There are a number of basic puppet types, all reduced to the simplest possible formula - stringed puppets like the bird; puppets on sticks, gloves or fingers; large, human puppets (“Start with a really long cobweb brush, stick a round face beneath the brush, then push a car sponge on to the stick to make shoulders. Then you can put on an old dress to make the body.”) Faces are important, but you can do a lot with sticky label eyes and moulded pipe-cleaners. “Voices are vital too,” says Pat. “If you give the puppet a voice, choose a distinctive one that adds to the character. Then when you or the children use that voice, it’s the puppet speaking, not your everyday selves. That gives the puppet its power as a mediator between you and them, and, if necessary, as a safe mouthpiece for the child.”

TEACHER NOTES

For teaching the basic vowel sounds, Pat has two gloves - a short glove for the five short vowels and a long evening glove for the five long vowels.
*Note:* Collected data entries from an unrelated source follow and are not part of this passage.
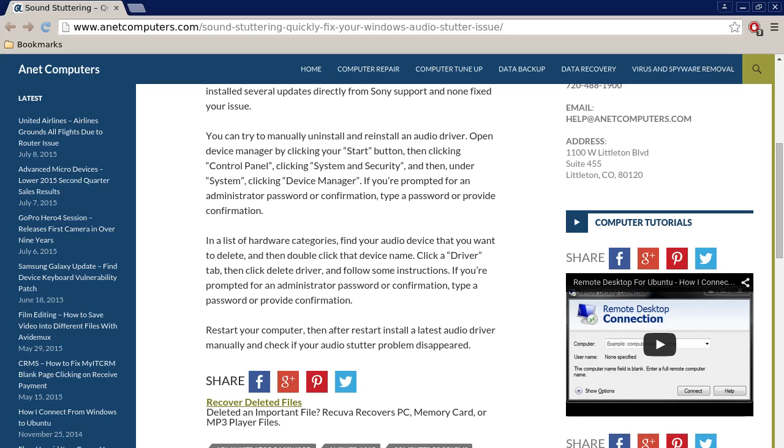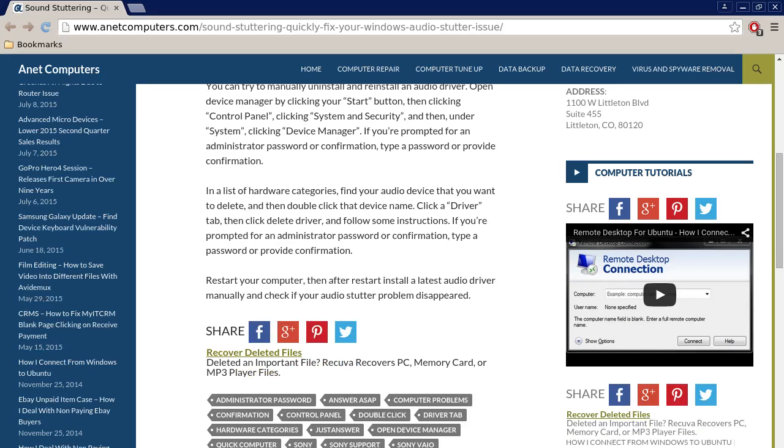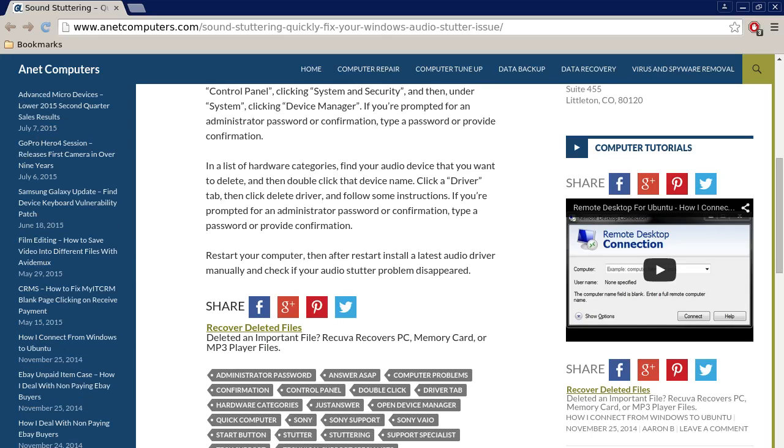In a list of hardware categories, find your audio device that you want to delete, and then double-click that device name. Click the Driver tab, then click Delete Driver, and follow the instructions. If you are prompted for an administrator password or confirmation, type a password or provide confirmation.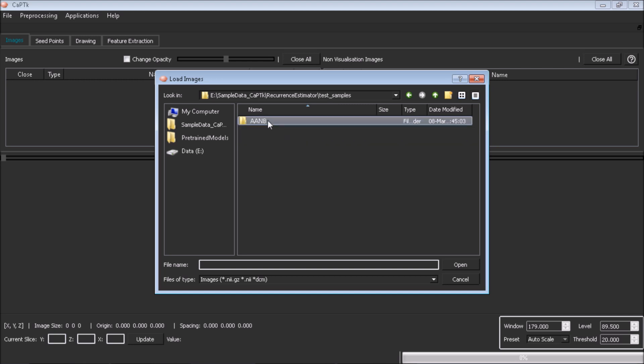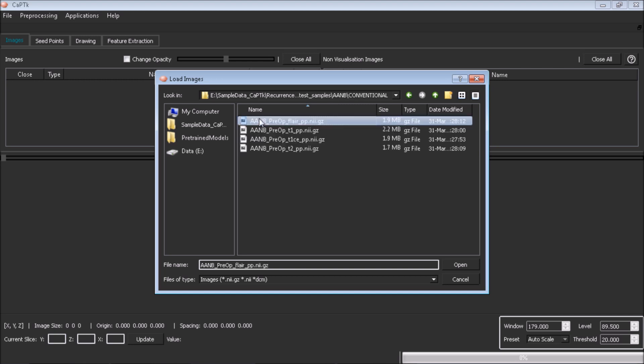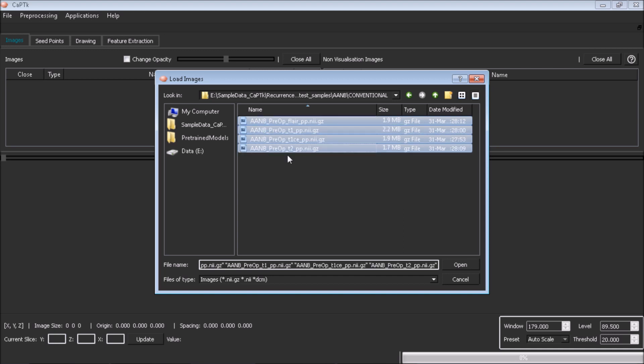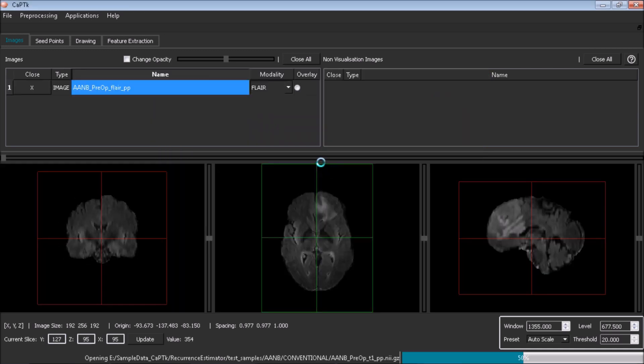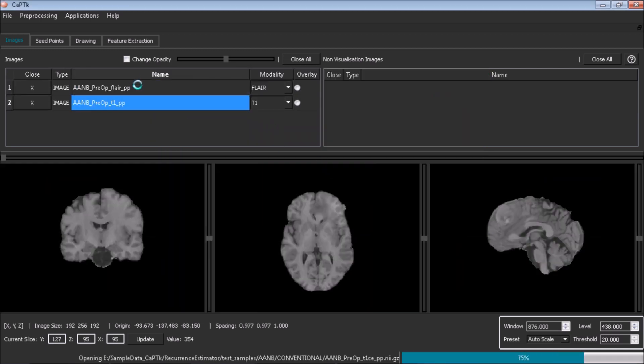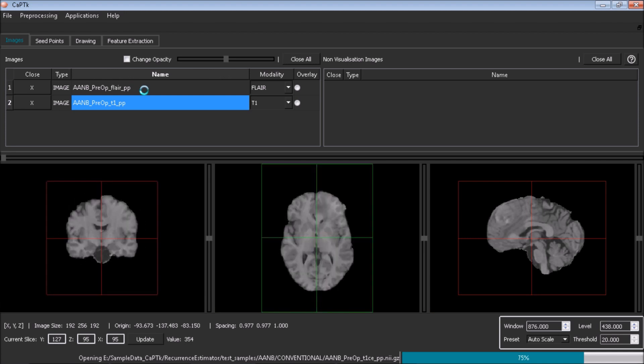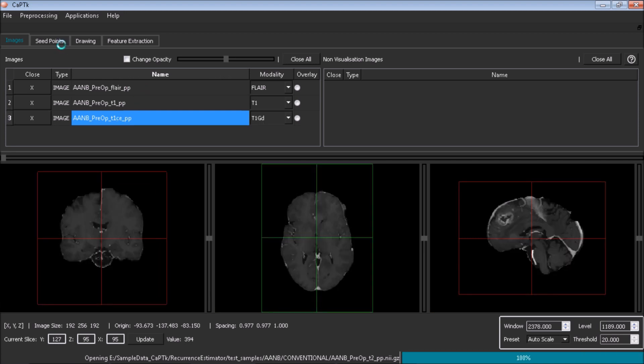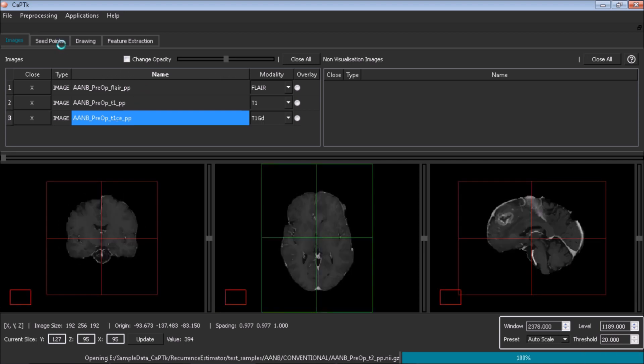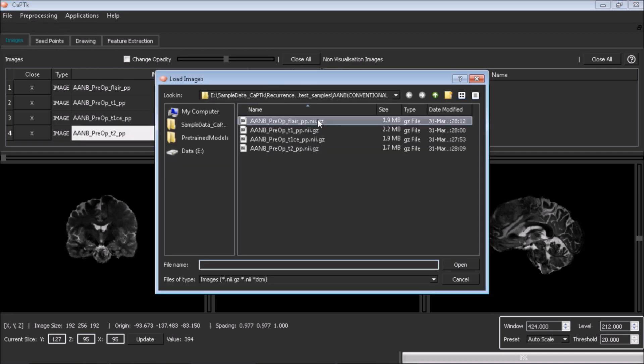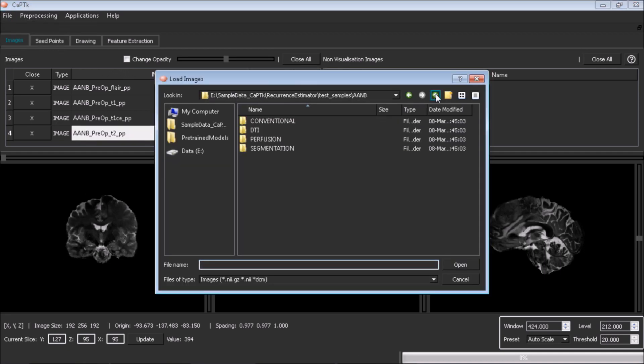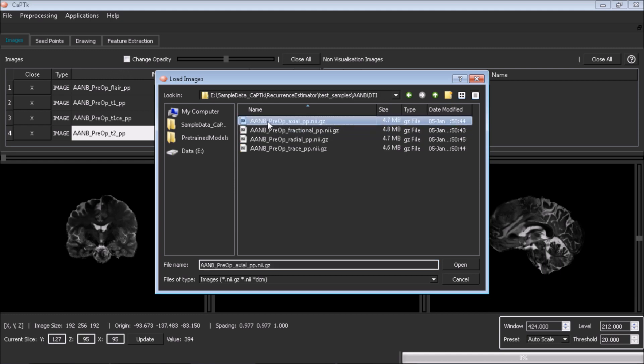Load the required modalities: T1, T1 post-contrast, T2, T2 FLAIR, DSC MRI, DTI axial, DTI radial, DTI trace, DTI fractional anisotropy, and ensure they have been correctly identified by CaPTK using the modality selector combo box.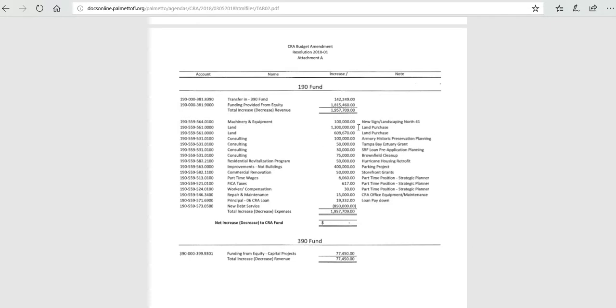We also have $1.3 million and $600,000 for land purchases. These are to be set aside.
Each finger has a pipe-cleaner face making an animated a, e, i, o, u and a name that reflects the relevant phoneme. Even the characters’ colours are phonemically linked. Since the short vowels are introduced first, their names are all CVC (consonant-vowel-consonant) words, simple for young readers to decode and write.

The gloves are big enough for an average teacher’s hand, but children can use them too. There are many ways they can be used - for instance, a child wears the glove, the teacher says a word, and the child bows the finger for the appropriate vowel sound.